All polite political society, regardless of party, deplores the negative ads that soon proliferated in the television age, as do voters in poll after poll. (Americans vocally abhor porn, too, even as they ravenously consume it.) “Negative advertising is the crack cocaine of politics” is the much-repeated maxim of the former Democratic senator Tom Daschle. In the aftermath of Booker’s admonishment of Obama, Ed Rendell, the pugnacious former Democratic governor of Pennsylvania, claimed with a straight face that “if you’re in this business, none of us like negative ads.” Attack ads do “little to further beneficial debate and healthy political dialogue,” according to McCain, whose 2008 campaign outdid the Democrats in its percentage of negative ads, if not in quantity. (Remember “Celebrity,” his spot likening Obama to Paris Hilton and Britney Spears?) Even Lee Atwater, the George H.W. Bush political Svengali who inspired the racist Willie Horton ad, among other attacks swamping Michael Dukakis in 1988, wrote a 1991 deathbed mea culpa apologizing for the “naked cruelty” of that campaign. No less a patron saint of the liberal media Establishment than Ben Brad­lee would in retrospect condemn LBJ’s “Daisy” spot as “a fucking outrage.”

A good defender of attack ads is hard to find—aside from those political consultants who gorge financially on the media buys that put those ads on the air. One exception is John Geer, a political-science professor at Vanderbilt whose In Defense of Negativity, published in 2006, may be the last, and possibly the only, serious word on the subject. In defiance of the whither-democracy laments of such fellow academic authorities as Kathleen Hall Jamieson (the author of Dirty Politics [1992]) and Thomas Patterson (The Vanishing Voter [2002]), Geer chastises all the doomsayers for being “so worried about ‘civility’ in campaigns.” He argues not just that “democracy can survive negativity” but that “without negativity, no nation can credibly think of itself as democratic.” He points out, as others have, that negative ads tend to be more accurate than positive ads—a low bar, to be sure—and contain more news that voters can use.
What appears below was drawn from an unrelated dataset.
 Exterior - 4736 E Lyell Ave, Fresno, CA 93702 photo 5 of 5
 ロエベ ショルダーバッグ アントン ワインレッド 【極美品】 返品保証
Mike Murphy, the irrepressible GOP political operative and wit, agrees. “We have a joke in the business,” he told Geer, that “the only difference between negative and positive ads is that negative ads have facts in them.”

Crunching the data, Geer discovers that the 1988 Dukakis-Bush campaign, widely regarded as the nadir of modern American political mudslinging, was not notably more negative than those before or after, and that, contrary to public perception and Atwater’s apology, Dukakis ran more negative ads than Bush did. “The advertising in 1988, despite all the claims, did not usher in a new era of American politics,” Geer writes. “It was the news media’s coverage that brought about a new era.” By his Nexis reckoning, there was a fourfold increase in the number of articles on campaign negativity in the Times and Washington Post from 1984 (8) to 1988 (32). It was in 1988 that a national magazine (Newsweek) first ran a cover story on negative political ads, and it was also that year that a candidate (Dukakis) first ran an attack ad attacking attack ads. Dukakis’s innovation remains in vogue today. Hardly had Obama’s Bain ad made its debut last month when Karl Rove’s super-PAC, American Crossroads, ran an attack ad attacking Obama for making attack ads (complete with the useful, repurposed sound bites from Booker and Schieffer)—no mean stunt coming from the man who benefited from the Swift Boating of Kerry only eight years ago.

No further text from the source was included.